2011 MONTHLY CENTRE MEETING SCHEDULE

These will take place at 7 pm at SANSA (formerly HMO).

6 October         ‘Astronomy: inspiring the people of South Africa with hope and an understanding of our place in the universe’ by Dr Debra Shepherd, MeerKAT & SKA

3 November      ‘Sir John Herschel’ by Auke Slotegraaf, psychohistorian and amateur astronomer

9 December      Christmas party

OBSERVATORY NEWS

Page 4 of the 29 September issue of Hermanus Times contains details of the application for a lease submitted by the Hermanus Astronomy Centre to Overstrand Municipality for land on Rotary Way on which to build the proposed Astronomy Education Centre and Observatory.  The application is available for review, and any written objections, until 31 October.  Once this part of the process is complete, the application will be considered by the Overstrand Municipality.

 

The Friend of the Observatory pledge campaign has been revived in order to help raise the money needed to complete the planning application and also equip the observatory with necessary fixtures and furnishings (details at the start of this newsletter).  Work is also continuing on possible sources to fund construction of the buildings.

 

ASTRONOMY NEWS FROM STEVE KLEYN

GRAIL and the mystery of the missing moon As early as 8 September, NASA’s GRAIL mission will have blasted off to uncover some of the mysteries beneath the surface of the Moon.  That cratered gray exterior hides some tantalizing things – even, perhaps, a long-lost companion.  If a paper published recently in the journal Nature* is right, two moons once graced our night skies.  The proposition has not been proven, but has drawn widespread attention.

 

“It’s an intriguing idea,” says David Smith, GRAIL’s deputy principal investigator at MIT. “And it would be a way to explain one of the great perplexities of the Earth-Moon system – the Moon’s strangely asymmetrical nature.  Its near and far sides are substantially different.”  The Moon’s near side, facing us, is dominated by vast smooth ‘seas’ of ancient hardened lava.  In contrast, the far side is marked by mountainous highlands.  Researchers have long struggled to account for the differences, and the ‘two moon’ theory introduced by Martin Jutzi and Erik Asphaug of the University of California at Santa Cruz is the latest attempt.

 

Scientists agree that when a Mars-sized object crashed into our planet about 4 billion years ago, the resulting debris cloud coalesced to form the Moon.  Jutzi and Asphaug posit that the debris cloud actually formed two moons.  A second, smaller chunk of debris landed in just the right orbit to lead or follow the bigger Moon around Earth.

“Normally, such moons accrete into a single body shortly after formation,” explains Smith. “But the new theory proposes that the second moon ended up at one of the Lagrange points in the Earth-Moon system.”

 

Lagrange points are a bit like gravitational fly traps.  They can hold an object for a long time–but not necessarily forever.  The second moon eventually worked its way out and collided with its bigger sister.  The collision occurred at such a low velocity that the impact did not form a crater.  Instead, the smaller moon ‘went splat,’ forming the contemporary far side highlands.  In short, the lunar highlands are the lost moon’s remains.

 

GRAIL will fly twin spacecraft around the Moon for several months.
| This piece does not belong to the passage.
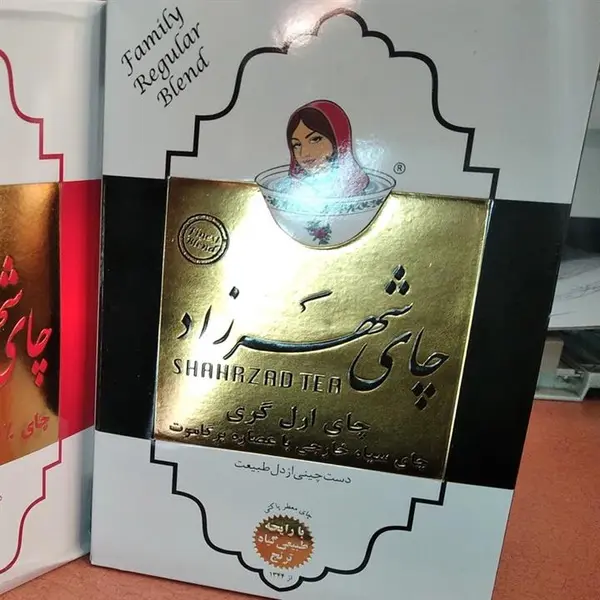 چای شهرزاد400گرم دردو رنگ قرمز ومشکی معطر وساده چای درپک 10عددی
All the while, a microwave ranging system will precisely measure the distance between the two spacecraft.  By watching that distance expand and contract as the pair fly over the lunar surface, researchers can map the Moon’s underlying gravity field.**   “These measurements will tell us a lot about the distribution of material inside the Moon, and give us pretty definitive information about the differences in the two sides of the Moon’s crust and mantle. If the density of crustal material on the lunar far side differs from that on the near side in a particular way, the finding will lend support to the ‘two moon’ theory.”

 

But this information is just one “piece of the jigsaw puzzle.”  To prove a sister ever existed, other pieces are needed.  NASA’s Lunar Reconnaissance Orbiter has already provided key information on the Moon’s surface topography.  Scientists can also refer to lunar surface chemistry data and look at seismic information from Apollo for clues.

But what’s really needed, says Smith, is a sample return mission to the far side to determine the ages of rocks there.  “The smaller moon, if there was one, was about 1/3 the size of our current Moon.  So upon collision it would have cooled down faster, and the rocks on the far side, where its remains are thought to have spread, would be older than the ones on the near side.”

 

In any case, we have something new to think about. Shall we try singing “fly me to the moons” or “shine on harvest moons”?  “Don’t go changing any song lyrics just yet,” says Smith.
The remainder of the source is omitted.